La pareja de lesbianas que persiguió al Juez Ferrín Calamita (logrando que se le expulsara de la carrera judicial) se separa, abandona a la niña adoptada, y la entrega a Servicios Sociales
Cuando se habla de víctimas del lobby gay en España uno de los primeros nombres, o quizás el principal, que se recuerda es el de Ferrín Calamita, el juez perseguido, condenado y expulsado definitivamente de la carrera judicial al cuestionar como juez de Familia la adopción de una niña por parte de una pareja de lesbianas.
Sin embargo, tras el calvario que ha venido viviendo desde 2006 él no ha sido la única víctima de este caso. Calamita ha informado que la pareja de lesbianas que le persiguieron hasta el final se ha divorciado y ha abandonado a la niña (hoy ya adolescente) por el que se generó el caso y se la ha entregado a los servicios sociales.

A través de una carta abierta en Facebook a Candela, nombre de esta niña, Calamita cuenta esta historia. “Si no recuerdo mal, naciste en febrero de 2006, por lo que ahora tendrás 14 años. No nos conocemos personalmente. Yo fui el Juez de Familia de Murcia que tramitó la solicitud de adopción presentada en mayo de 2006 por Vanesa, basada en el hecho de ser cónyuge de tu madre, Susana, como si ese solo dato le otorgase un derecho absoluto a la adopción, que no existe y sí el tuyo, al desarrollo armónico de tu personalidad”, afirma el exjuez.

Calamita añade: “ha llegado a mi conocimiento recientemente que se han divorciado y que te han abandonado y entregado a los servicios sociales. Lo siento mucho. El tiempo me ha venido a dar la razón, por desgracia. He hecho gestiones para averiguar tu paradero, pero lógicamente no me han facilitado ningún dato en ese organismo de la Consejería de la CARM que ahora se llama de Familias y LGTBI”.

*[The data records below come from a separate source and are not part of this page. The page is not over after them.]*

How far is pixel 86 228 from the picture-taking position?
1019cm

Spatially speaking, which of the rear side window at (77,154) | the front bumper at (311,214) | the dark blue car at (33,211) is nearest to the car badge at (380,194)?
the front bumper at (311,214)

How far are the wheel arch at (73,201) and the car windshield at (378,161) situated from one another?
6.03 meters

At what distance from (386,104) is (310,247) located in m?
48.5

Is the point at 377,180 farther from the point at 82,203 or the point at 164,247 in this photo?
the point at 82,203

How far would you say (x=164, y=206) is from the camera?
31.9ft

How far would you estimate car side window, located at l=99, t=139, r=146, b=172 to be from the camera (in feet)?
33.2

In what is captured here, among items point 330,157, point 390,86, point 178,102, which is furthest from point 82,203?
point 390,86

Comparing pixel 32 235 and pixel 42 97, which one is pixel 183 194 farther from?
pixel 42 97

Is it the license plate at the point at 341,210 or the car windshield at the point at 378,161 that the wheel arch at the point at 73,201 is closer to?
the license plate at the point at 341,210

Y concluye esta carta abierta a esta niña recordándola que al tener más de de doce años “tienes derecho a ser oída por un juez y que, cuando cumplas los 16, puedes instar la emancipación o habilitación de edad, y ejercitar acciones legales acto seguido contra el Estado y/o la CARM -y contra tus dos «mamás». A tu disposición para lo que te pueda ayudar, tanto en lo personal como en lo profesional jurídico. Se ha menoscabado tu dignidad y tus derechos básicos como persona, sujeto de derechos. Una grave injusticia.

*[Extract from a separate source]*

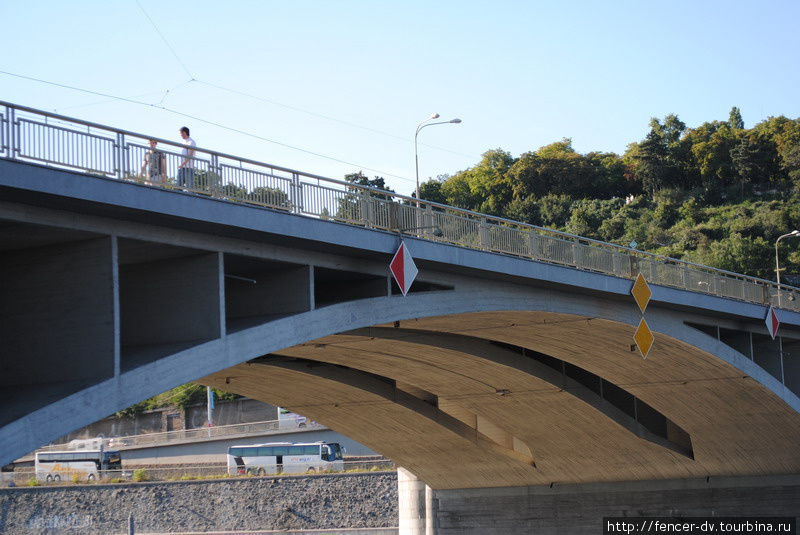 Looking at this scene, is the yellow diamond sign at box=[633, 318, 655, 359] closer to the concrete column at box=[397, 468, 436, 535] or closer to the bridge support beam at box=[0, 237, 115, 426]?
the bridge support beam at box=[0, 237, 115, 426]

El caso por el que fue inhabilitado se remonta a 2006. Ferrín Calamita ejercía en un Juzgado de Familia en Murcia cuando le llegó un caso de una mujer lesbiana que quería adoptar a la hija pequeña de su pareja.
Un alto precio a pagar por su firmeza
Ante esta situación, Calamita encargó informes sobre si esta situación sería la mejor para la niña. Y entonces fue acusado por ellas, distintos lobbies y de sus propios compañeros de un retraso malicioso para no resolver el caso. La ideología de género fue un rodillo contra él.
Ni siquiera pudo llegar a fallar si accedía o no a la adopción. No hizo falta. La mera consulta de informes fue suficiente para su persecución. Fue inhabilitado pero a sus enemigos les pareció poco y se amplió a 10 años, pese a que hora se sabe que en realidad nunca más podrá ejercer como juez. Finalmente, el Consejo General del Poder Judicial le expulsó definitivamente de la carrera judicial y el Tribunal Supremo más tarde ratificó esta decisión.
El juez Ferrín Calamita pagó un alto precio por mantenerse firme en sus posiciones y por el hecho de ser cristiano. De hecho, contó esta persecución en el libro Yo, víctima de la Cristofobia (Libros Libres), donde el propio magistrado (hoy ya ex gracias a sus compañeros) relataba en primera persona “el calvario de un juez católico por cumplir la ley en España”.